◆ Work to complete: Among the entries below, find the line with "Квартира-вилла с бассейном", then quote it and each following line up to and including the line with "閉じ込められたドイツの潜水艦", and nothing else.

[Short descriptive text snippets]
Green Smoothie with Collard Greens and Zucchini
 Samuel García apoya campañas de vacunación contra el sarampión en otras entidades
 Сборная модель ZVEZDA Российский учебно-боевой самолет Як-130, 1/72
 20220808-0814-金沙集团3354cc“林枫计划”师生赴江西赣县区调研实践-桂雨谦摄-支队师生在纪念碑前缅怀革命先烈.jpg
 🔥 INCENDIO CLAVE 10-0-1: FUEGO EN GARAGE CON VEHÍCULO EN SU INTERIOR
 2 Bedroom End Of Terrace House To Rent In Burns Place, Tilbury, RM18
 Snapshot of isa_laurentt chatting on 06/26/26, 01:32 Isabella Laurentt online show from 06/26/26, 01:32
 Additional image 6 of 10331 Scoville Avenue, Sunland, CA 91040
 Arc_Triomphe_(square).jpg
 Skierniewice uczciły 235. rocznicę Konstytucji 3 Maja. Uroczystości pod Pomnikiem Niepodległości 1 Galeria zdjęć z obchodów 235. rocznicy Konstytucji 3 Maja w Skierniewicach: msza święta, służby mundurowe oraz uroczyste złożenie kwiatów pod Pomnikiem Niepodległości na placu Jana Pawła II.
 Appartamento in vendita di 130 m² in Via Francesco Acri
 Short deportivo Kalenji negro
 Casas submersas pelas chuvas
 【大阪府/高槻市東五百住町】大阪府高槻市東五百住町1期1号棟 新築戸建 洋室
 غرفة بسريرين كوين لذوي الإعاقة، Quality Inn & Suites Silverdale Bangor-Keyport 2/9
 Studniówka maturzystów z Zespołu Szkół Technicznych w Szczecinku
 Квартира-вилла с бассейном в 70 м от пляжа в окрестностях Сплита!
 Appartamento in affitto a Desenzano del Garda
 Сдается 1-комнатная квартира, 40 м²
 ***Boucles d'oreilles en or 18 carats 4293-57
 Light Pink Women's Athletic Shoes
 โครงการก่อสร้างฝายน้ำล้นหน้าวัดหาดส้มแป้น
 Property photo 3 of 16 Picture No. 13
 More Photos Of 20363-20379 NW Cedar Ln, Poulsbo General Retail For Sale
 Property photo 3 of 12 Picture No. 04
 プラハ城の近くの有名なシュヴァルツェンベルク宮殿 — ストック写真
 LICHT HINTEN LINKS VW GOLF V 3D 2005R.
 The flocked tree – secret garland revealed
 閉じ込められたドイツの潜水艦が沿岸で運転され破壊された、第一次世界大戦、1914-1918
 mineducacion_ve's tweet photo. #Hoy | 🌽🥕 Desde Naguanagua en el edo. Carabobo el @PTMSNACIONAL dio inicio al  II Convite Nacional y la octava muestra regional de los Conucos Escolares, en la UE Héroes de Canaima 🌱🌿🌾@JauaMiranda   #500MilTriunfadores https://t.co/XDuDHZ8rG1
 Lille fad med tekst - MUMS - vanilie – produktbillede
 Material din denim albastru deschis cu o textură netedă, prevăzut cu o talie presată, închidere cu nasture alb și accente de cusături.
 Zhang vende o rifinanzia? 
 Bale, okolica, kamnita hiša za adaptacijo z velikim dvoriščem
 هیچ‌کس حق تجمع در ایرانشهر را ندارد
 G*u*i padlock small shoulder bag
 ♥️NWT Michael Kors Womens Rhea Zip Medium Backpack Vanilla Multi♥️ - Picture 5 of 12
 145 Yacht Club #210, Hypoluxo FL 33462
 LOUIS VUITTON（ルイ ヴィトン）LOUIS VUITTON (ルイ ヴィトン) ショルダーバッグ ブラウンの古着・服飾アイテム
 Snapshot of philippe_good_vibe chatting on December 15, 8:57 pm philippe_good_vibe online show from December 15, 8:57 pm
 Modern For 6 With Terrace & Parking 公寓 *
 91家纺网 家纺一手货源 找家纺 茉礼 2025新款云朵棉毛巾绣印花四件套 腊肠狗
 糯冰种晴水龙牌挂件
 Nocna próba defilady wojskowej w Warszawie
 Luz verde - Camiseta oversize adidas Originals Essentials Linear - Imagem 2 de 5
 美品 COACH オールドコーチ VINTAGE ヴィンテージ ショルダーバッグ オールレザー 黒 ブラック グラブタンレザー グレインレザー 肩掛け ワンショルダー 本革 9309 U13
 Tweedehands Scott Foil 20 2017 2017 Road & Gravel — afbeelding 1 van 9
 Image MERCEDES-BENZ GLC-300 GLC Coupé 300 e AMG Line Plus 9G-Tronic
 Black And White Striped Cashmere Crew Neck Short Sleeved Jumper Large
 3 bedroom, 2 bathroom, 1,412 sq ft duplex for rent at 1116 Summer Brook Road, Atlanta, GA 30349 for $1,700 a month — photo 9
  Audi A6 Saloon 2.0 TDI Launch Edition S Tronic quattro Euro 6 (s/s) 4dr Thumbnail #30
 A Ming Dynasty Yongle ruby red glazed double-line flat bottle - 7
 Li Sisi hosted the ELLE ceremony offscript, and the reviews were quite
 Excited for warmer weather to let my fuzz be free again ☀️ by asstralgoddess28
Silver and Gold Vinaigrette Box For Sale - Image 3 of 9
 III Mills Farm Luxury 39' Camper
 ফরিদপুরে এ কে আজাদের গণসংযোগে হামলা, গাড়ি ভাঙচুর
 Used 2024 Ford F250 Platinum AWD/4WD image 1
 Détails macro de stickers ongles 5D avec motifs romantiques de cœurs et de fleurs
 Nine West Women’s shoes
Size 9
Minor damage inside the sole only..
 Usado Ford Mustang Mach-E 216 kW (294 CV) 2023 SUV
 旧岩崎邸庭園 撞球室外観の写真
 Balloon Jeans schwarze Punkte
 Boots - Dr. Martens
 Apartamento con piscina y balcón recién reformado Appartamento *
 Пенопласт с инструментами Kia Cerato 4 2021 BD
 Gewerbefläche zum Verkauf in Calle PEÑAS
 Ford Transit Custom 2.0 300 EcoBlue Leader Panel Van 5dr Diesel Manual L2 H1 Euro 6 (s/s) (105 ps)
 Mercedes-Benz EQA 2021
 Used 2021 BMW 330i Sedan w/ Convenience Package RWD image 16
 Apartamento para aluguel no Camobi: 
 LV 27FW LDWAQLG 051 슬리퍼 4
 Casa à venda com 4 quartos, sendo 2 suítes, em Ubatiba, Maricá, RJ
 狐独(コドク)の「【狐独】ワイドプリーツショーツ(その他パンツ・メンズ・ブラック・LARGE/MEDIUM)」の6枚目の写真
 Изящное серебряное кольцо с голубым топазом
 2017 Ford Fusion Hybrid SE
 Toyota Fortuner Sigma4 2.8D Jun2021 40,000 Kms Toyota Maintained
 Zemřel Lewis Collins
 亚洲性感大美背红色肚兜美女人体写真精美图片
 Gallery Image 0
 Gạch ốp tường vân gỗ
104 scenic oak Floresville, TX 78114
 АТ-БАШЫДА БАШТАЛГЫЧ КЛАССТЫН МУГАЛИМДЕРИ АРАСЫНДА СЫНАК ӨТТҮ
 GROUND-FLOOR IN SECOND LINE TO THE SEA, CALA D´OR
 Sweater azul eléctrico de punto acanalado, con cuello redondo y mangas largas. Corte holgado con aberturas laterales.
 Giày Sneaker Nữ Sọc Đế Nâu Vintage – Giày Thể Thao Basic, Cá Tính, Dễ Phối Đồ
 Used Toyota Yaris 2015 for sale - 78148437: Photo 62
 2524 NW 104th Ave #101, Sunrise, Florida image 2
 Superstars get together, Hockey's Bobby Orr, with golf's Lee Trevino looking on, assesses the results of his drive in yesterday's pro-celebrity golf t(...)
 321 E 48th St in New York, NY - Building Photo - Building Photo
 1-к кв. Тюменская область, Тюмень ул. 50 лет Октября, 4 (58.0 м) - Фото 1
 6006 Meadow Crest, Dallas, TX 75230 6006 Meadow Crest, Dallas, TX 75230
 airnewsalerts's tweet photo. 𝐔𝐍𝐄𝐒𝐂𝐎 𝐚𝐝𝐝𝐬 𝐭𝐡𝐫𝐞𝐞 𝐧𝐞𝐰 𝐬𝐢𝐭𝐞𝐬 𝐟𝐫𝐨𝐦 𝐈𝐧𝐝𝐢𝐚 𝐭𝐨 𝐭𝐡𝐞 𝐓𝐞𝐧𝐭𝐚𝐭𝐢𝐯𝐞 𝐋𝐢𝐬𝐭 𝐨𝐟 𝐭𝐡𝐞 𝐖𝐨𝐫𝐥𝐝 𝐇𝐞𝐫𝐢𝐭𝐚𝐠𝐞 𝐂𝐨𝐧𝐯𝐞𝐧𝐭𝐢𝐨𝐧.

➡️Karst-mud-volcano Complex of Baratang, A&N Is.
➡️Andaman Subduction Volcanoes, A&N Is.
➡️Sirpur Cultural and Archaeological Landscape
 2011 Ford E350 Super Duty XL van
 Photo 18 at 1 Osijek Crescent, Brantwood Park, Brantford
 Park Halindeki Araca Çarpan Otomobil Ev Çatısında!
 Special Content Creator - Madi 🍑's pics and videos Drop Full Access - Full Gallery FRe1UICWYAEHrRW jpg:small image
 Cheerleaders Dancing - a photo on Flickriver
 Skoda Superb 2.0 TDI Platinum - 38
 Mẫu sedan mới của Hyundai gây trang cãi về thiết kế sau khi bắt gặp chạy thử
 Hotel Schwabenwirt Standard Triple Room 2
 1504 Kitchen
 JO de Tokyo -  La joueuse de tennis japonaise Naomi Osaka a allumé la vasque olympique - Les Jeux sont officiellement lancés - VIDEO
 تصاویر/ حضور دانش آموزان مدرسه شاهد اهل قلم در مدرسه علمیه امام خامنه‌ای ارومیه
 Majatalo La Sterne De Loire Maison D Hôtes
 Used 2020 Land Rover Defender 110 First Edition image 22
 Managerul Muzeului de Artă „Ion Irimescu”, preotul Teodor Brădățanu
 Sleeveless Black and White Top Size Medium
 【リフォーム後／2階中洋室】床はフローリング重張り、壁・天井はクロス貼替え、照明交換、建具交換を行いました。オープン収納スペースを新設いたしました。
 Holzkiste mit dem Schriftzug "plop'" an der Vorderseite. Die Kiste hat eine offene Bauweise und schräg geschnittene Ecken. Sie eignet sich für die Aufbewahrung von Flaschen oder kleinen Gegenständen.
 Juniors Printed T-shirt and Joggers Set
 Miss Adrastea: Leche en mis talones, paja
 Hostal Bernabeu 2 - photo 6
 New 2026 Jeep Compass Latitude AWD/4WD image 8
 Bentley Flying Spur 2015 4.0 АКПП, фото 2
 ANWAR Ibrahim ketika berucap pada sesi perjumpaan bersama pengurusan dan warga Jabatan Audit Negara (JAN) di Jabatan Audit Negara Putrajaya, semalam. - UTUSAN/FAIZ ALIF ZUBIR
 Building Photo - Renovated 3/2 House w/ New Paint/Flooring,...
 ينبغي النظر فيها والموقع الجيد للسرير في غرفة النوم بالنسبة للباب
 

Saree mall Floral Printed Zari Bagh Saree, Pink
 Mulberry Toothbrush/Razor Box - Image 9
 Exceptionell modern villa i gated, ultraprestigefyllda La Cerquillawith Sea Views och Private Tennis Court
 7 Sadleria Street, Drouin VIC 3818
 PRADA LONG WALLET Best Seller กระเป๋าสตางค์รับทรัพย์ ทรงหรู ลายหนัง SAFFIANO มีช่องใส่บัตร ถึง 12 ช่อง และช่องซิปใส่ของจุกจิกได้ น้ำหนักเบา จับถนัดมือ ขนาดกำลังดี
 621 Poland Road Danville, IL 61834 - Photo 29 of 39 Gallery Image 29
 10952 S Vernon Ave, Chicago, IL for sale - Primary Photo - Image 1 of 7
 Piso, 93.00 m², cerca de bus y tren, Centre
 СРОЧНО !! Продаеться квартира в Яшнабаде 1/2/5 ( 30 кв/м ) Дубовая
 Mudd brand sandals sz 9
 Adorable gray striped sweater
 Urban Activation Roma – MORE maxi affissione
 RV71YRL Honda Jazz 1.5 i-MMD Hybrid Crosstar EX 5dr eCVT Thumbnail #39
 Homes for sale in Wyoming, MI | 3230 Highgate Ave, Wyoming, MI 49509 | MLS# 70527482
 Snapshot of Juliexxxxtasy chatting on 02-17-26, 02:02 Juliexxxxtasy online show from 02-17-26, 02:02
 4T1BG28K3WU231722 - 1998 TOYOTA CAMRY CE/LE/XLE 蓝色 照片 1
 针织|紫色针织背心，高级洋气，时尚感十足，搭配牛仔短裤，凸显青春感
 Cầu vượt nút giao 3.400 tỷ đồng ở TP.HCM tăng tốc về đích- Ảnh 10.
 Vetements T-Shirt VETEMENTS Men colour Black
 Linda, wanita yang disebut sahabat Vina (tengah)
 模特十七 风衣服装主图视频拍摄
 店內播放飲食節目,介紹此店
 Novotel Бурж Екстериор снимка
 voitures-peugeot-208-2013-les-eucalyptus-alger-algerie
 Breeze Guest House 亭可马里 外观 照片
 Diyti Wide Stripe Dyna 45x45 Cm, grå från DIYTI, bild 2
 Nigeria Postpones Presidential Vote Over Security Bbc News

◆ Answer box:
 Квартира-вилла с бассейном в 70 м от пляжа в окрестностях Сплита!
 Appartamento in affitto a Desenzano del Garda
 Сдается 1-комнатная квартира, 40 м²
 ***Boucles d'oreilles en or 18 carats 4293-57
 Light Pink Women's Athletic Shoes
 โครงการก่อสร้างฝายน้ำล้นหน้าวัดหาดส้มแป้น
 Property photo 3 of 16 Picture No. 13
 More Photos Of 20363-20379 NW Cedar Ln, Poulsbo General Retail For Sale
 Property photo 3 of 12 Picture No. 04
 プラハ城の近くの有名なシュヴァルツェンベルク宮殿 — ストック写真
 LICHT HINTEN LINKS VW GOLF V 3D 2005R.
 The flocked tree – secret garland revealed
 閉じ込められたドイツの潜水艦が沿岸で運転され破壊された、第一次世界大戦、1914-1918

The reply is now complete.